On February 21, 2001, Hayley learned from a psychic visiting Wave that she was pregnant. On August 29, Hayley delivered a healthy baby boy, whom they named Lorenzo, or "Enzo," after some brief complications. Hayley and Mateo's lives became complicated when Proteus, a mysterious drug lord, demanded that he use SOS as a venue for drug selling. Mateo refused, but Proteus threatened Mateo's family and Mateo was forced into agreeing.

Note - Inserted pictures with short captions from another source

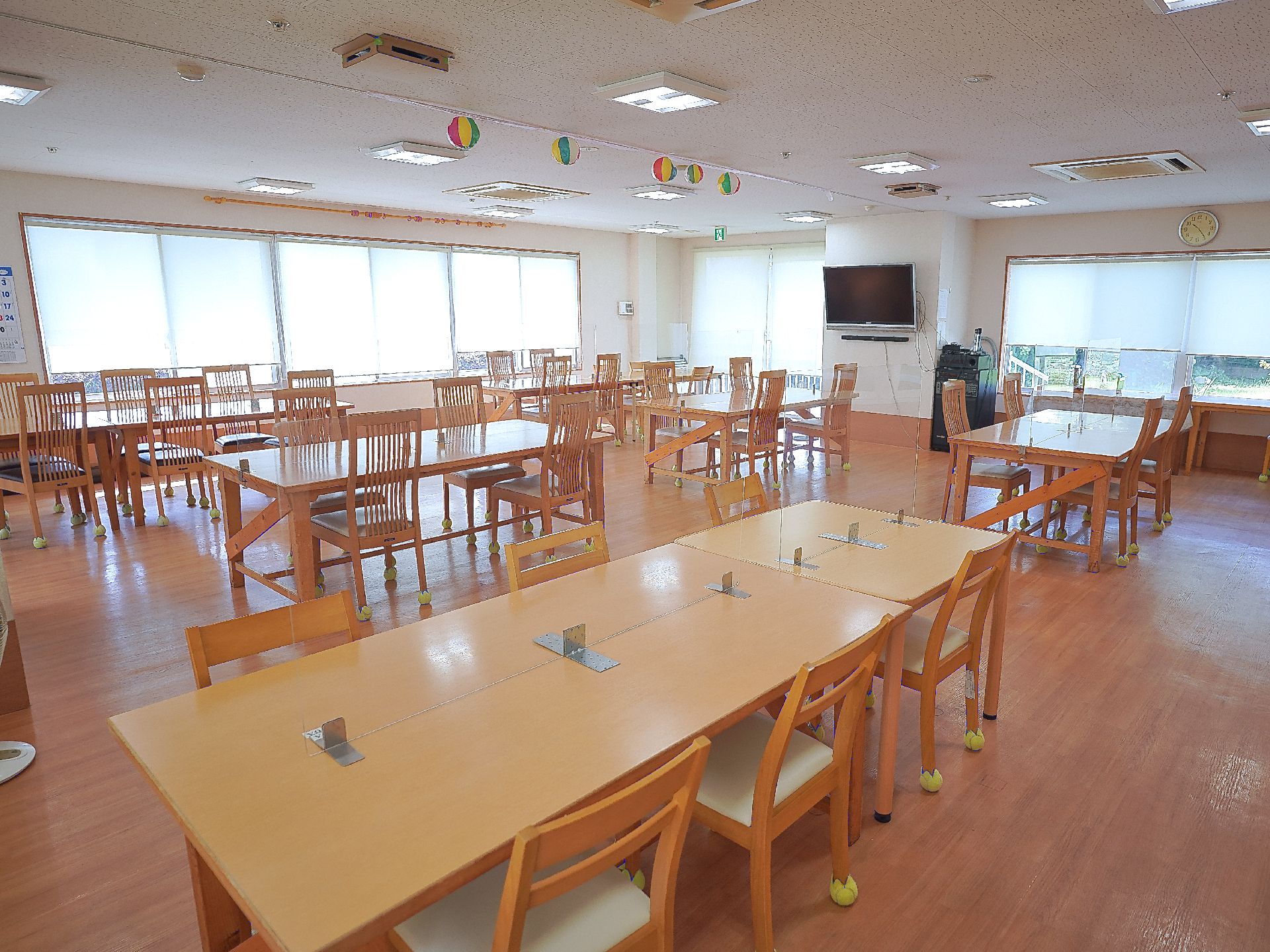 窓から光が差し込み、テーブル、椅子が置かれている共有スペース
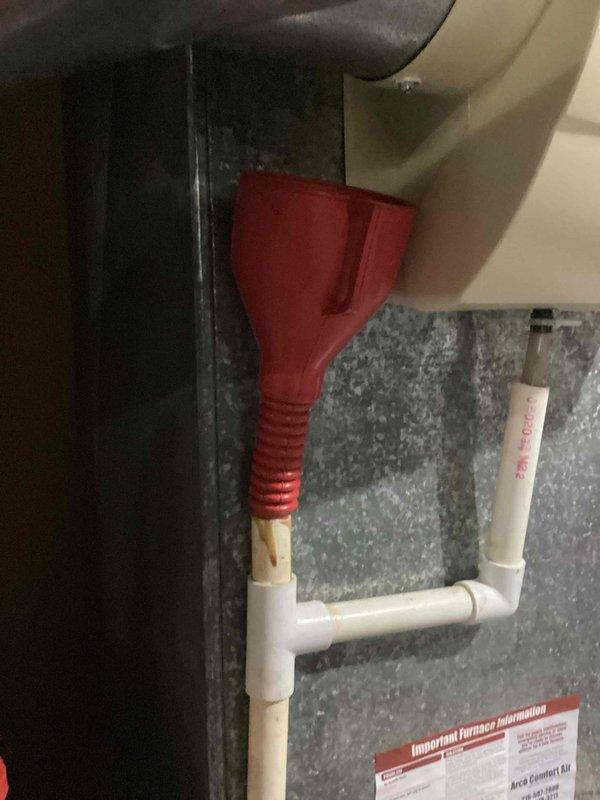 Completed afternoon preventive maintenance on residential cooling system. Performed standard inspection of indoor air handler unit, condensate drain system with funnel trap configuration, and outdoor condensing unit including capacitor, compressor assembly, and refrigerant line connections. All components operating within normal parameters with no issues identified during service visit.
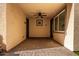 Covered patio with ceiling fan and access to yard at 750 W Flintlock Way, Chandler, AZ 85286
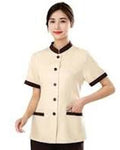 Woman wearing a beige uniform with black accents on a white background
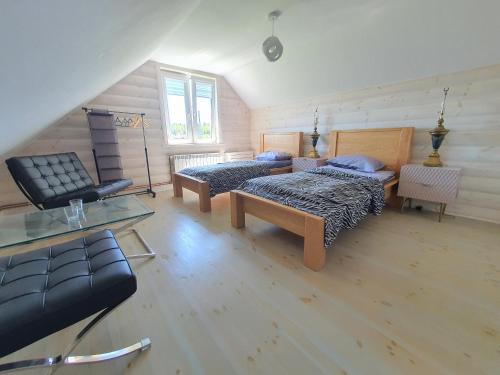 a attic room with two beds and a couch at Zielone Zagrody - Stafieje in Grodzisko Dolne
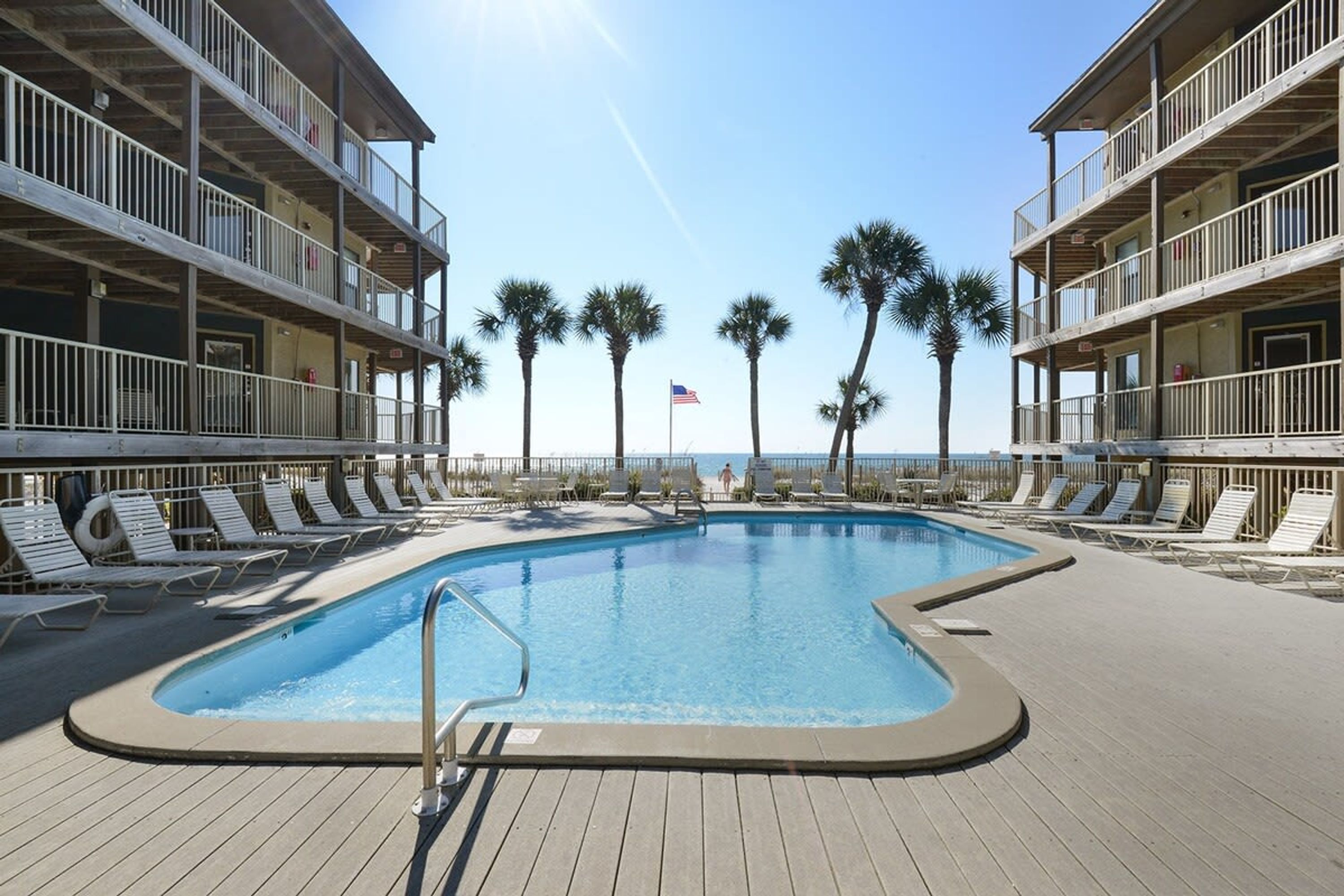 A pool area with lounge chairs and a view of the ocean.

However, Mateo decided to play double agent and while working for Proteus also try to smoke him out and turn him in to the police. Simone Torres played the part of Mateo's mistress in order to throw Proteus off of what was really going on – Mateo was trying to crack the drug lord's inner-ring of advisors in order to take him down. Simone, however, developed real feelings for Mateo and at one point planted a legitimate kiss on her partner. Simone felt badly and apologized profusely to both Mateo and Hayley.

Hayley was able to forgive Simone's transgression, saying that she understood that Mateo was quite handsome. Mateo was jailed for a short time because federal agent Chris Stamp thought it was the only way to keep Mateo safe from Proteus. Simone leaked details of the Proteus investigation to what she believed was a publisher. As it turned out, the "publisher" was really someone working for Proteus – whose identity was revealed as Vanessa Cortlandt. Simone's leak resulted in a sniper gunning down Chris Stamp. Mateo was furious with Simone and ordered her to stay clear of him and his family. Vanessa suffered a nervous breakdown of sorts and was kept under guard at the hospital. Now free from the drug trafficking, Mateo and Hayley were able to return to the more important things in life – like raising their son.

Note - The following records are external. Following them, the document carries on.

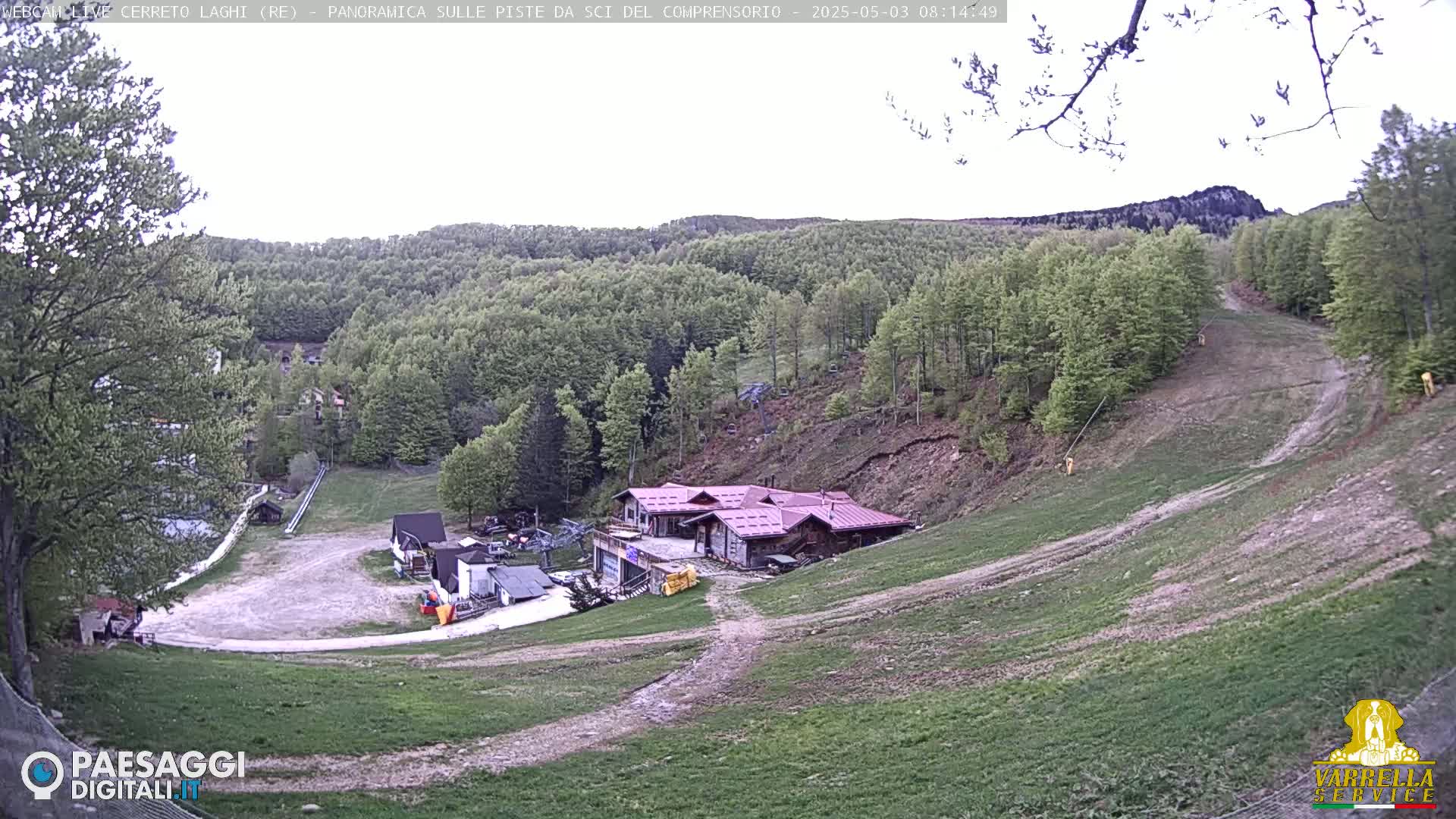 A mostly clear day reveals a ski resort in the hills, with a building near the bottom of a grassy slope, surrounded by lush green trees.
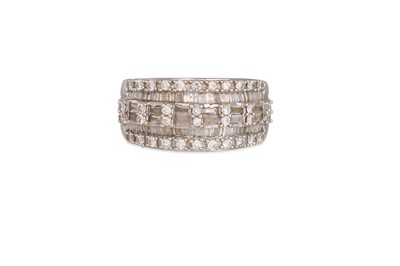 Lot 381 - A SIX ROWED DIAMOND RING, set with round...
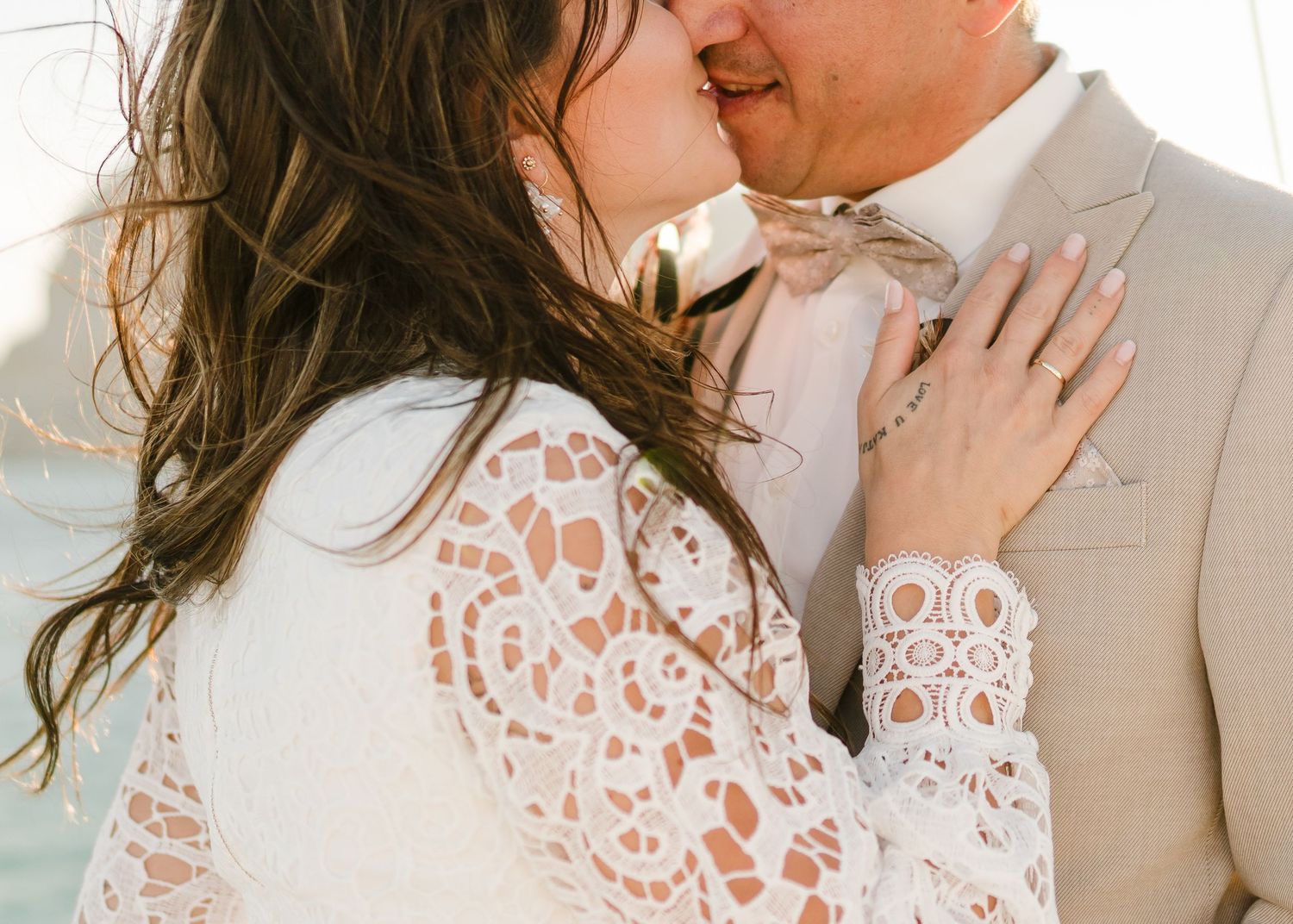 Nahaufnahme einer romantischen Umarmung mit Spitzenärmeldetails und einem beigen Anzug bei einer Hochzeit am Meer. heiraten am Strand - Hoch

Life took an unexpected turn in late 2002 when Hayley was told that there was an interest in syndicating her Wave talk show. Hayley didn't want to take the job offer because it would mean relocating to California. She and Mateo bickered back and forth for a bit before eventually agreeing to leave Pine Valley.

Hayley returned to Pine Valley in January 2010 to film a documentary about the small town, which had just been named "The Best Town In America" by the Atlantic Press. Hayley reconnected with her loved ones and friends. She explained that she'd missed her Uncle Stuart's funeral because she'd been in a remote region of Australia at the time working. She also revealed that her children were growing up fast. Enzo was a teenager and Max had been sent to a boarding school in Utah because he'd started hanging out with the wrong crowd and butting heads with Mateo. Hayley did a bit of head butting of her own: she strongly disapproved of her father's new wife, Annie Chandler.